The Fed has nothing to do with that.
Thanks!
People are often concerned about “who they are”, because we compare ourselves to other people. In the future with robots around people might think more about “what they are”.
Robots could bring back the concept of slavery. I was looking up different domain names using “bot”. Sure enough, “slavebot.com” has been taken. You will also need a leader robot to control other robots, a “bossbot”, thus bossbot.com. That has also been taken….lol
The question is how much longer can the labor market sputter along?
The days of large labor growth appear to be in the rearview mirror.
Or will somehow the removal of illegal immigrants along with retirees be enough to prop up the labor market for several more years before CEO’s decide when, where, & how deep human jobs are replaced?

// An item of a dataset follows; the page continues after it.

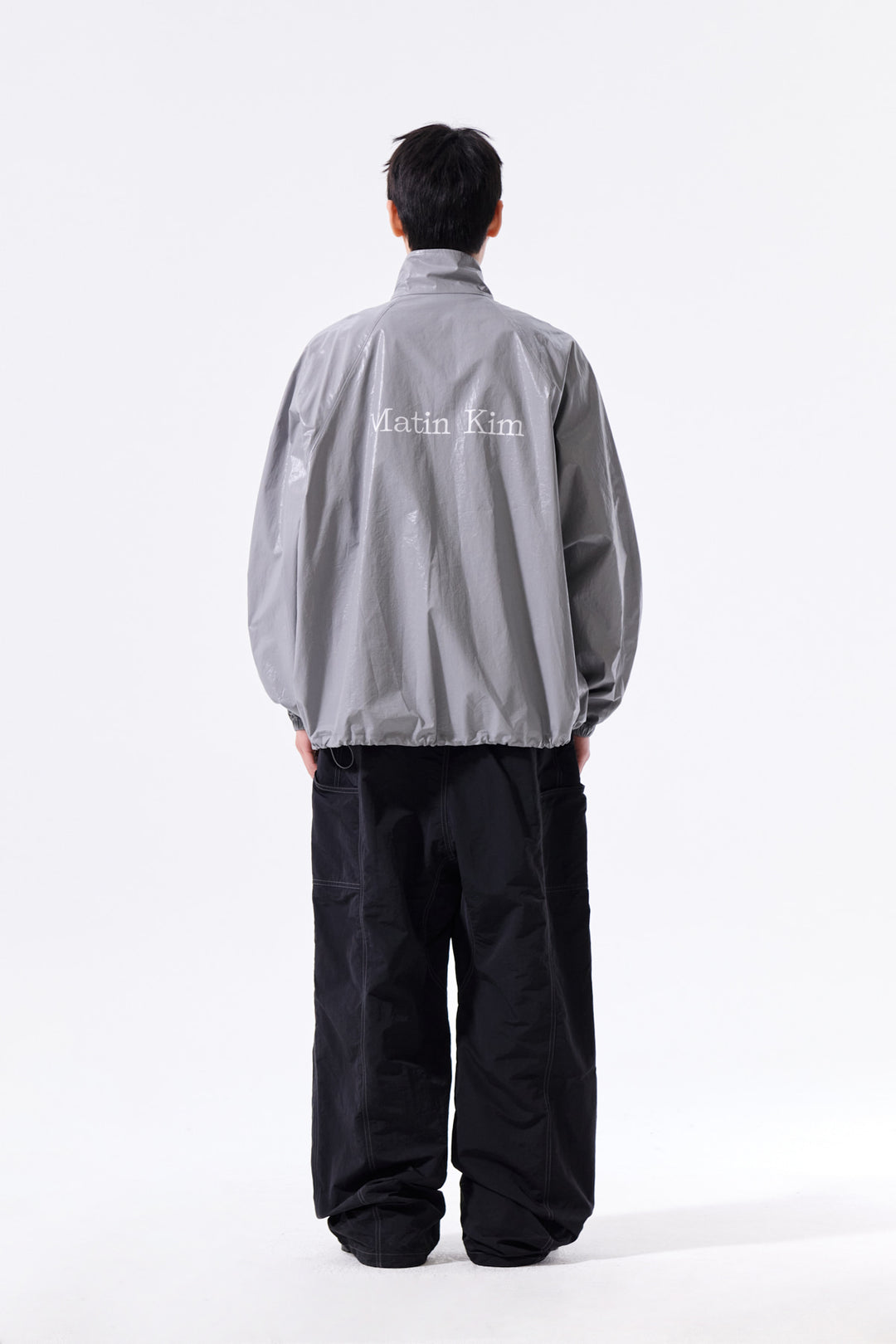 Matin Kim Multi Panel Parachute Pants — Black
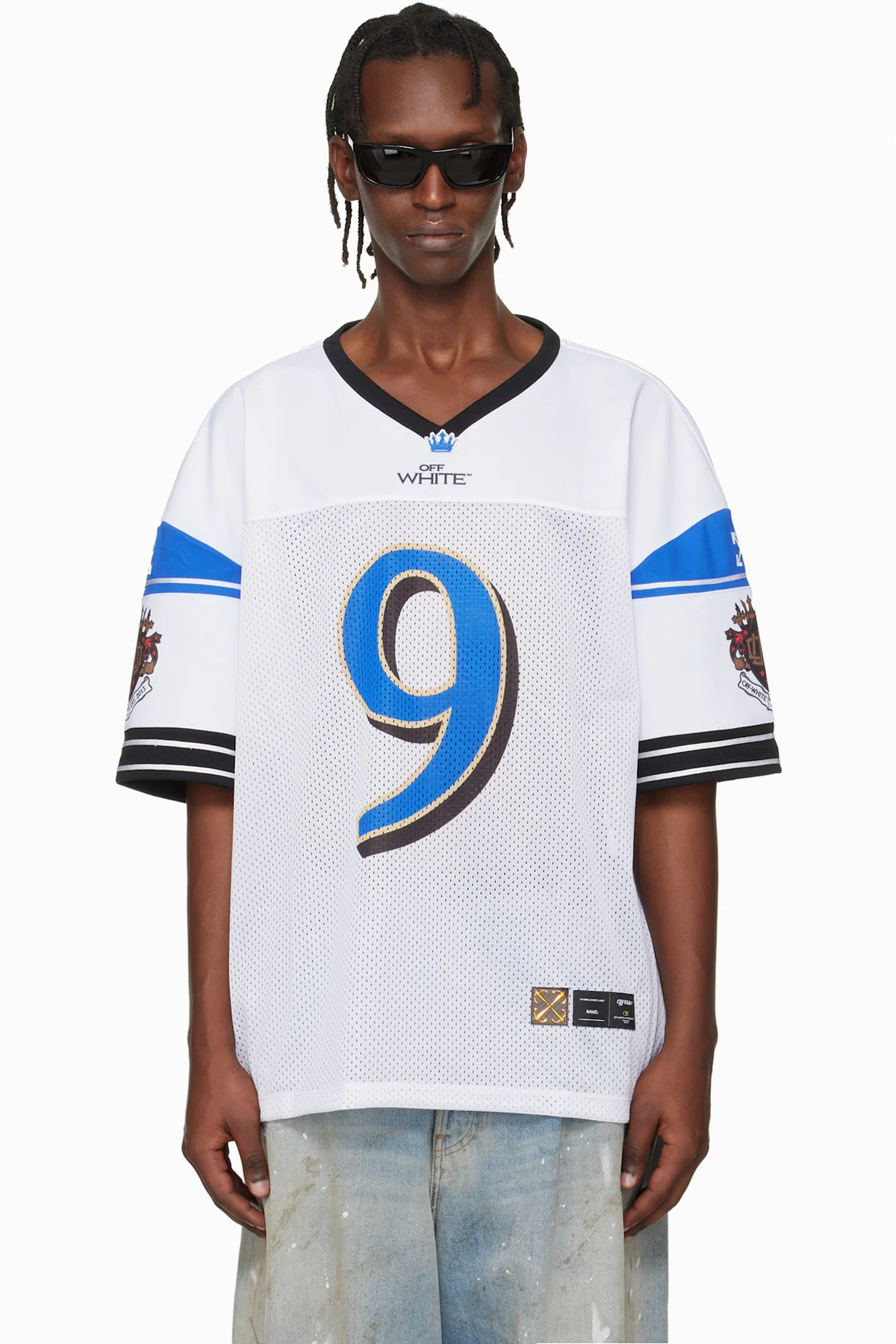 White Crown Sublmesh Football T-shirt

At least among my kids’ generation the issue isn’t employment – it’s underemployment. Companies no longer hiring fresh college grads. Corporations cancelling internal development programs. Cancelling internships. Kids are graduating with decent STEM degrees, and find themselves working at Walmart. My daughter graduated with a decent science degree and great GPA – and found herself competing with laid-off government employees with PhD’s for an “entry level” position that “required at least two years of experience”. She is working a job that is paying less than I made when I graduated undergrad in the late 1980’s.